Propagation slow? Sound the alarms!

This is a blog post that I had written for my employer CloudFlare You can find the full link here

CloudFlare operates a huge global network of servers that proxy our customers web site, operate as caches, inspect requests to ensure they are not malicious, deflect DDoS attacks and handle one of the largest authoritative DNS systems in the world. And where there’s software there’s configuration information.

CloudFlare is highly customisable. Each customer has a unique configuration consisting of DNS record, all manner of settings (such as magnification, image recompression, IP-based blocking, which individual WAF rules to execute) and per-URL rules. And the configuration changes constantly.

And we offer almost instant configuration changes. If a user adds a DNS record it should be globally resolvable in seconds. If a user enables the CloudFlare WAF it should happen very, very fast to protect a site. This presents a challenge because those configuration changes need to be pushed across the globe very quickly.

We’ve written in the past about the underlying technology we use: Kyoto Tycoon and how we secured it from eavesdroppers. We also monitor its performance.

DNS records are currently changing at a rate of around 40 per second, 24 hours a day. All those changes need to be propagated in seconds.

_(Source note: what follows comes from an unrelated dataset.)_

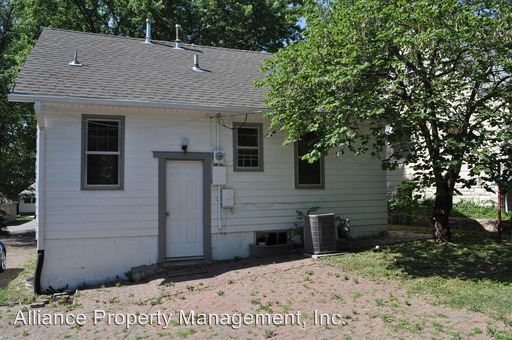 Building Photo - 1620 Fairview Ave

So we take propagation times very seriously.

For this we need to keep a close eye on how long it takes a change to reach every one of our data centers. While we have in depth metrics for our operations team to look at and an entire alerting system it’s sometimes useful (and fun) to have something more visceral.

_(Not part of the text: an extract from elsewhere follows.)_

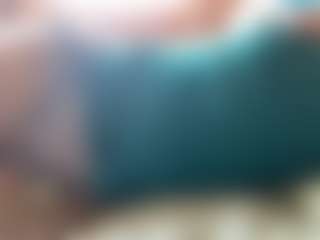 amandatrieshard's Live Sex Cam Show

We also want developers and operations people to equally be aware of some critical metrics, and developers are spending their time observing the metrics and alerts aimed at operations.

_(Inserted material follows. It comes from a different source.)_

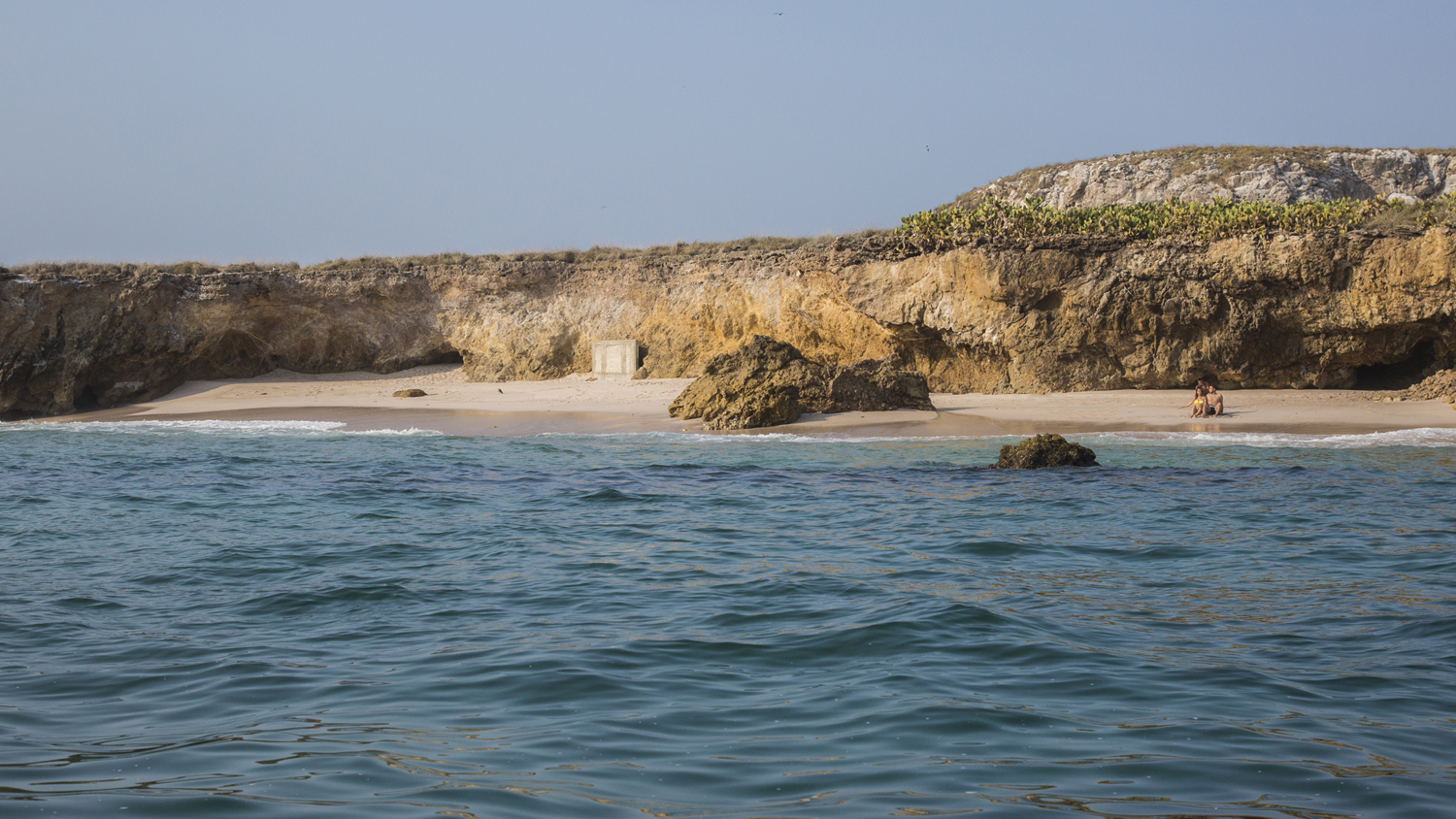 Esenciales de Nuestro Destino: Aventura en las Islas Marietas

On some rare occasions, perhaps due to routing problems on the wider Internet, we may find that our ability to push changes at the required velocity becomes impractical. To ensure that we know about this as soon as possible and know when to take action we’ve built a custom alert system that everyone in the office can see.

From an external global collection of machines we monitor propagation time for DNS records and trigger an alert if propagation time exceeds a pre-set threshold. The alert comes in the form of a blue rotating ‘police light’.

We had joked about having a “red alert” alarm when we fall behind on propagation and so I turned that joke into reality.

therozzers

A Raspberry Pi hidden in an old hard drive case connects to our global monitors and obtains the current propagation time (as measured from outside our network). The Pi is connect (via a transistor acting as a switch) to a cheap mini police light that’s visible throughout the office.